## Short web captions
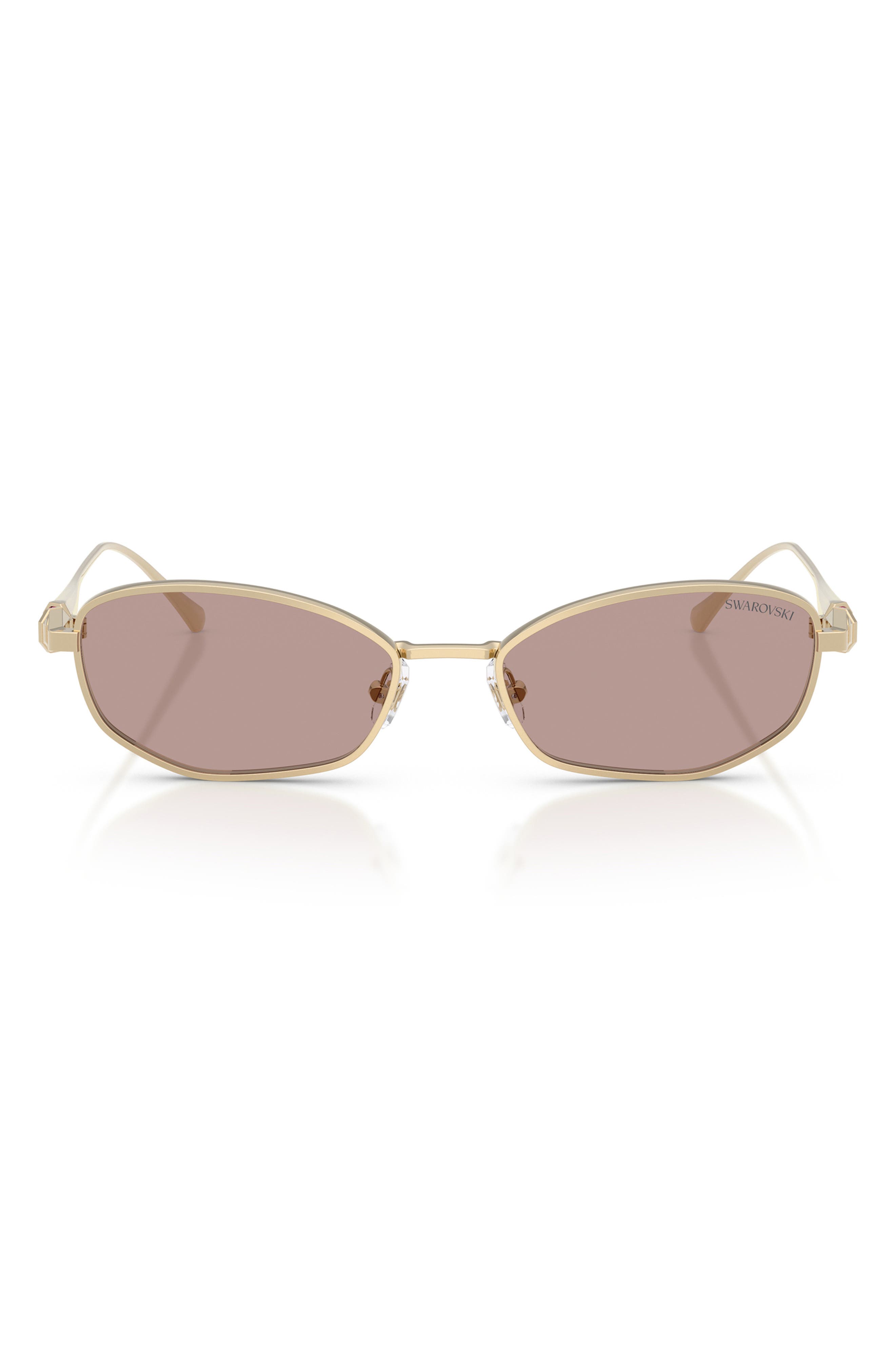 selected PALE GOLD / LIGHT PURPLE BROWN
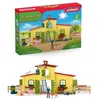 Image de schleich FARM WORLD Ferme Ã©ducative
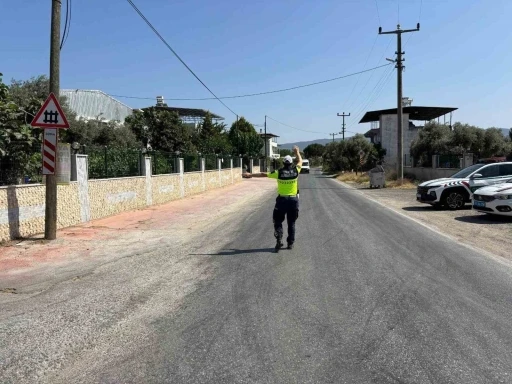 Kurallara uymayan sürücüller cezada kaçamadı
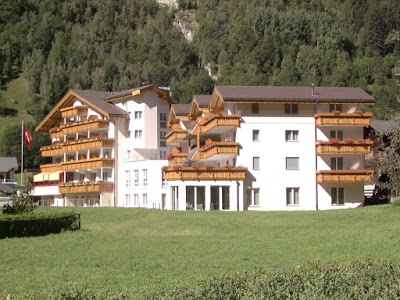 ALPENBLICK WELLNESSHOTEL, Fieschertal, Switzerland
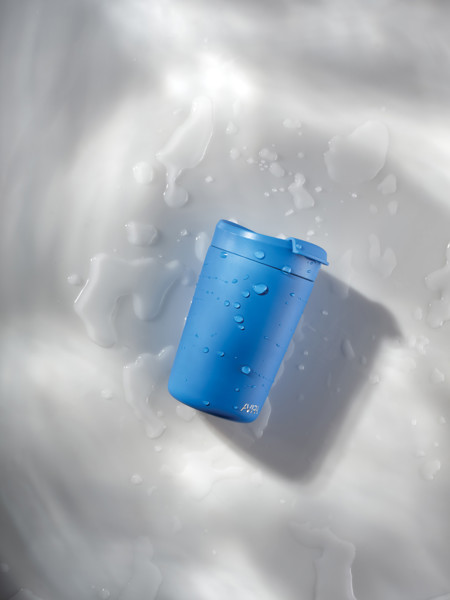 Avira Alya RCS Re-steel tumbler 300ML - Blue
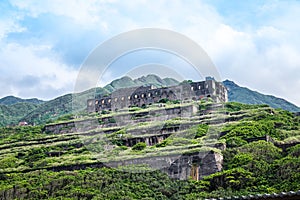 The Shuinandong Smelter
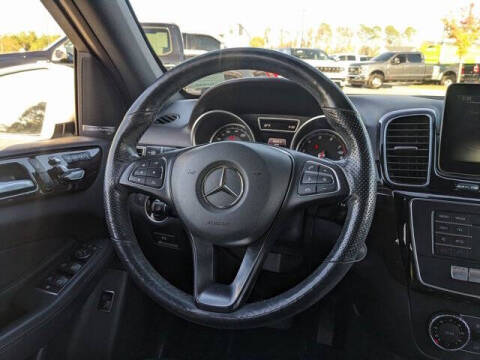 2017 Mercedes-Benz GLE GLE 350 4MATIC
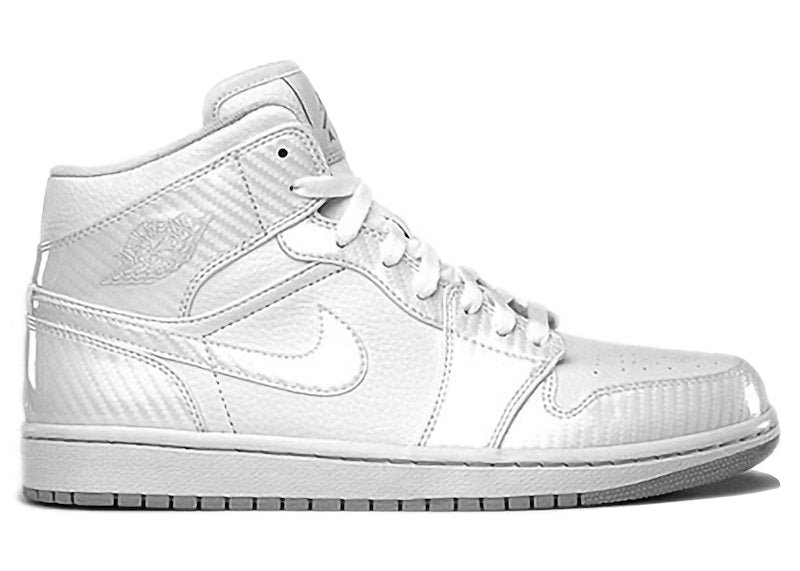 Jordan 1 Phat White Wolf Grey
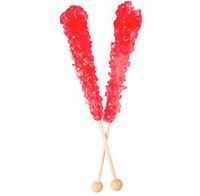 Dryden Palmer Crystal Sticks Strawberry Unwrapped 120ct.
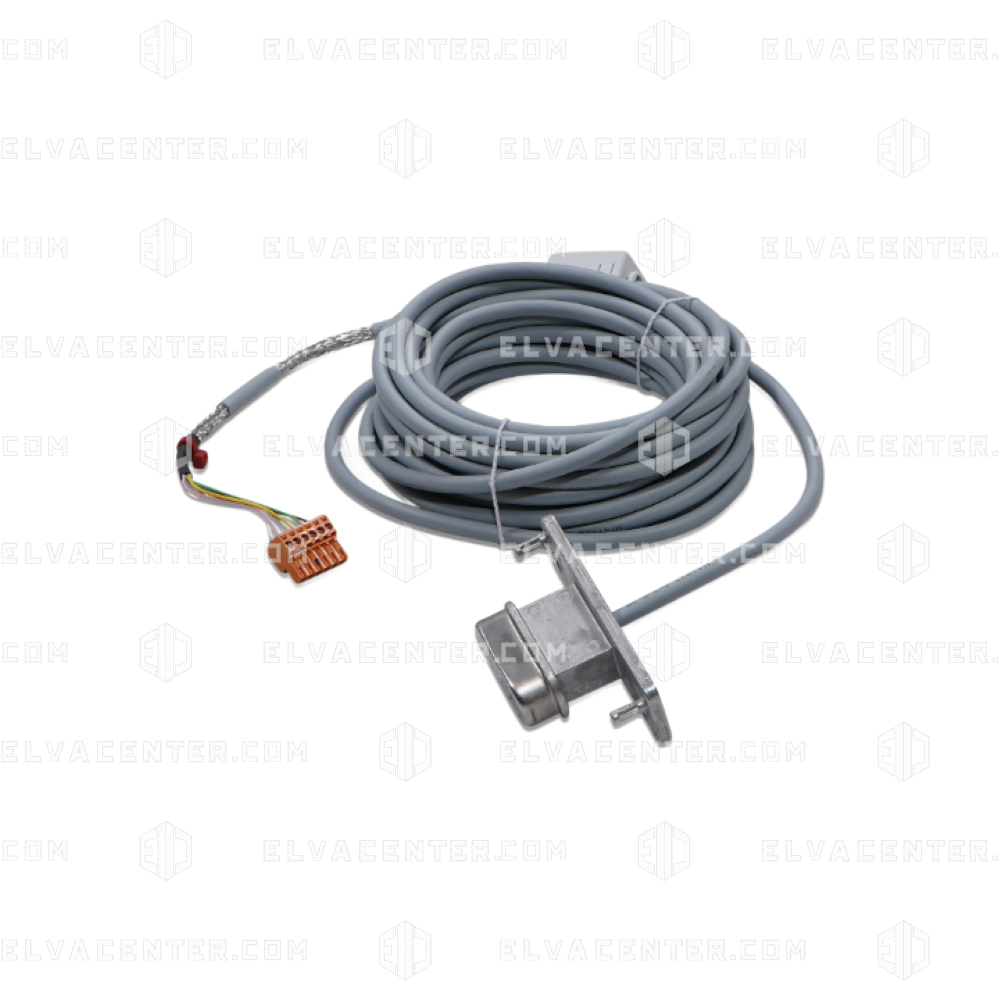 KONE, SENSOR HEAD CABLE ASSY, NMX18 L2=7.5M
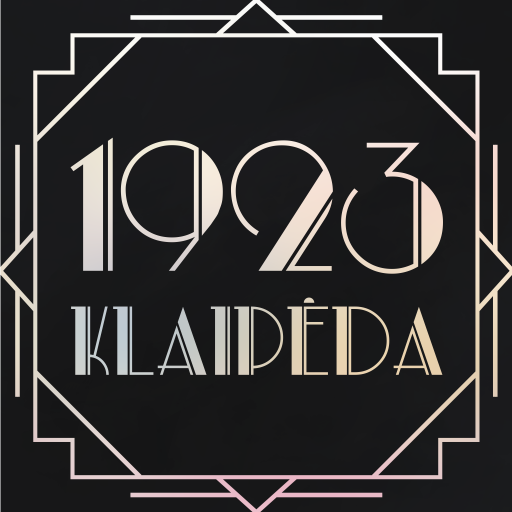 Klaipėda. 1923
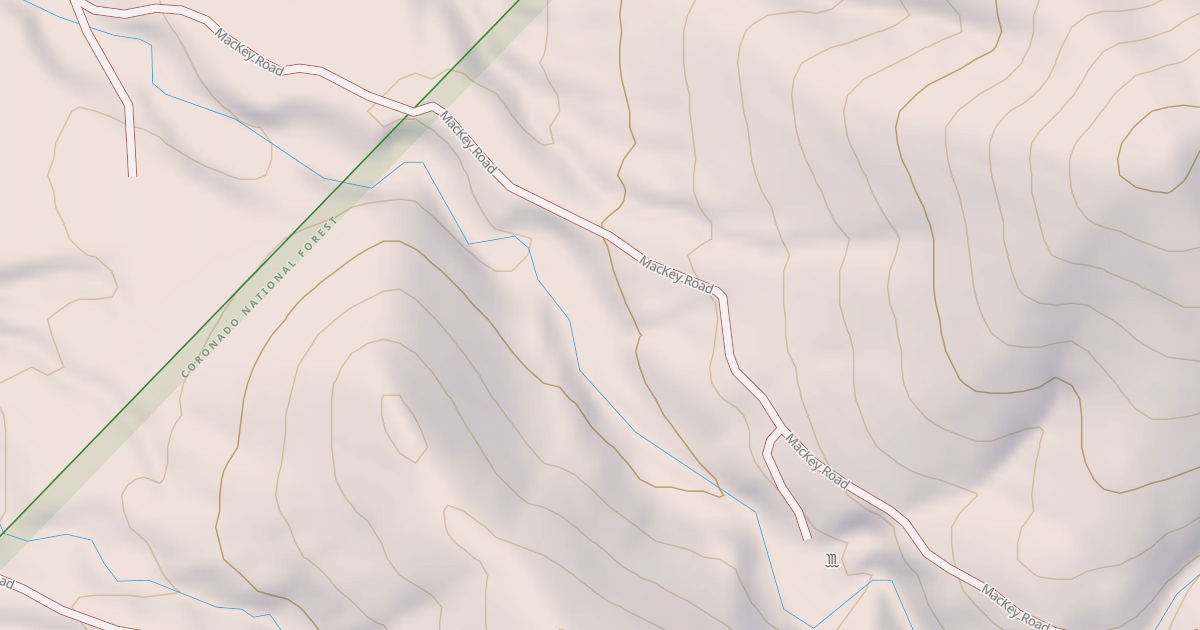 Map preview of MACKY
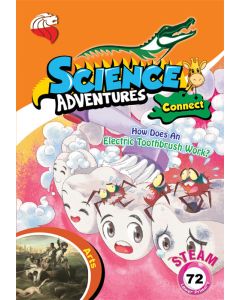 Science Adventures Issue 72 Connect (Ages 7-9)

## PROBLEM TO SOLVE
Your copy should match the records above exactly, except that it contains no pictures.

## COMPLETED TASK
 selected PALE GOLD / LIGHT PURPLE BROWN
 Image de schleich FARM WORLD Ferme Ã©ducative
 Kurallara uymayan sürücüller cezada kaçamadı
 ALPENBLICK WELLNESSHOTEL, Fieschertal, Switzerland
 Avira Alya RCS Re-steel tumbler 300ML - Blue
 The Shuinandong Smelter
 2017 Mercedes-Benz GLE GLE 350 4MATIC
 Jordan 1 Phat White Wolf Grey
 Dryden Palmer Crystal Sticks Strawberry Unwrapped 120ct.
 KONE, SENSOR HEAD CABLE ASSY, NMX18 L2=7.5M
 Klaipėda. 1923
 Map preview of MACKY
 Science Adventures Issue 72 Connect (Ages 7-9)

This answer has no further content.